* _What you have to do_
Retype word for word the first line of the listing and each line after it up to the line with "The sloping span", with the pictures taken out.

* _Data provided_
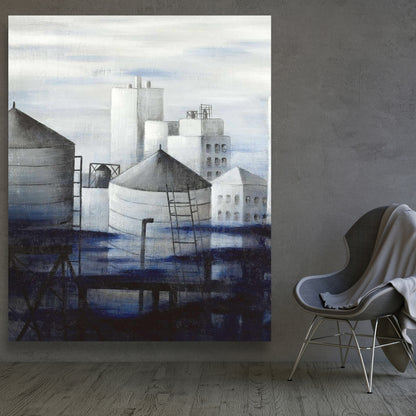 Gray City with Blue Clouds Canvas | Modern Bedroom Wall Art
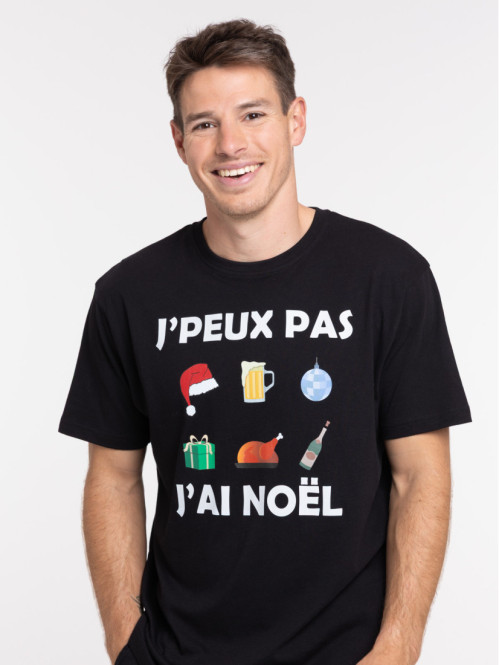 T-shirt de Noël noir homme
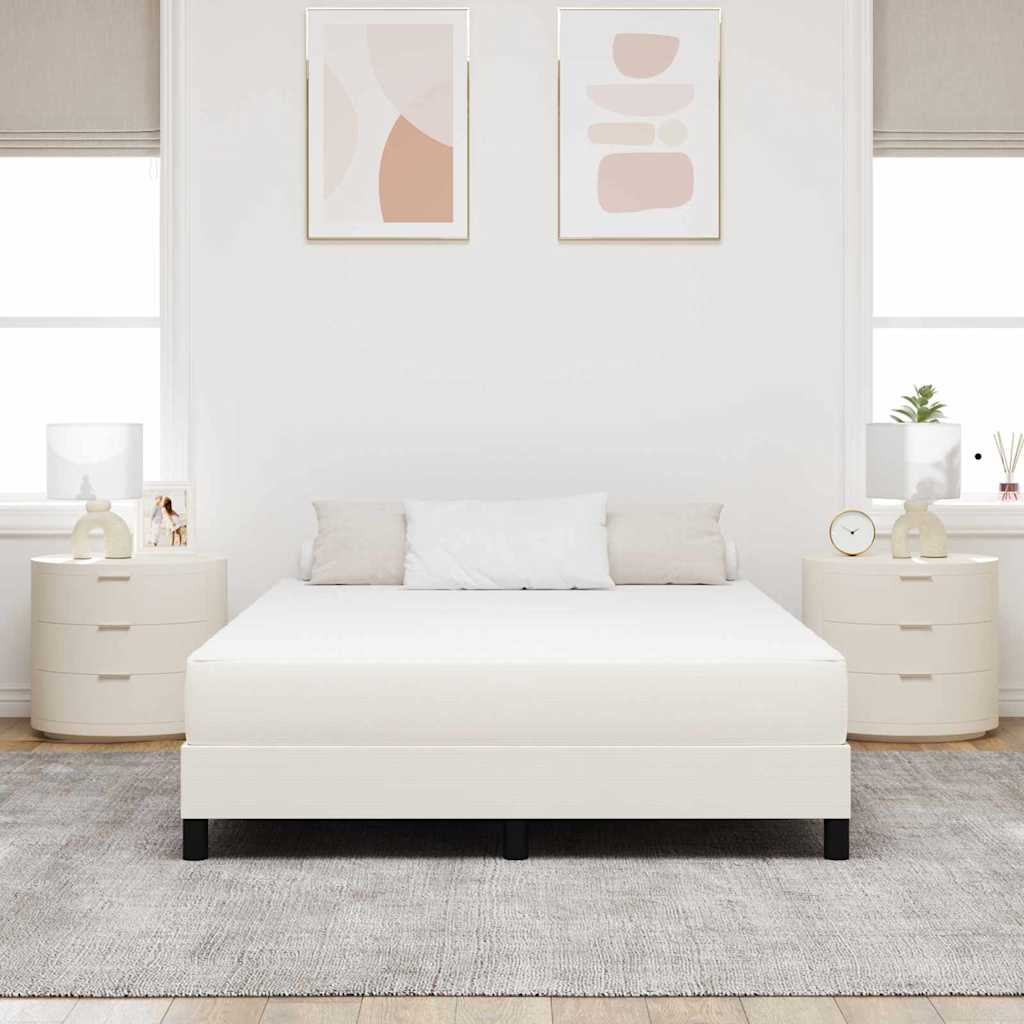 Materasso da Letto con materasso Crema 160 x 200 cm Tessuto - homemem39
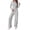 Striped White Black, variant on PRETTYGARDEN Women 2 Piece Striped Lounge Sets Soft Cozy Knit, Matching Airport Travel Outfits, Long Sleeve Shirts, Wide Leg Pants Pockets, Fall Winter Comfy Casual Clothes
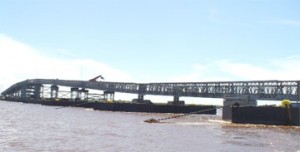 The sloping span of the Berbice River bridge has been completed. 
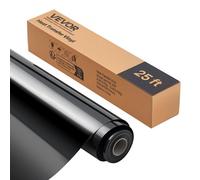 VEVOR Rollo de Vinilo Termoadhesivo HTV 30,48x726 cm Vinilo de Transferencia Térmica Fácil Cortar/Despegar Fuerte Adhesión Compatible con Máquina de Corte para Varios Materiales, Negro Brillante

* _Answer area_
 Gray City with Blue Clouds Canvas | Modern Bedroom Wall Art
 T-shirt de Noël noir homme
 Materasso da Letto con materasso Crema 160 x 200 cm Tessuto - homemem39
 Striped White Black, variant on PRETTYGARDEN Women 2 Piece Striped Lounge Sets Soft Cozy Knit, Matching Airport Travel Outfits, Long Sleeve Shirts, Wide Leg Pants Pockets, Fall Winter Comfy Casual Clothes
 The sloping span of the Berbice River bridge has been completed. 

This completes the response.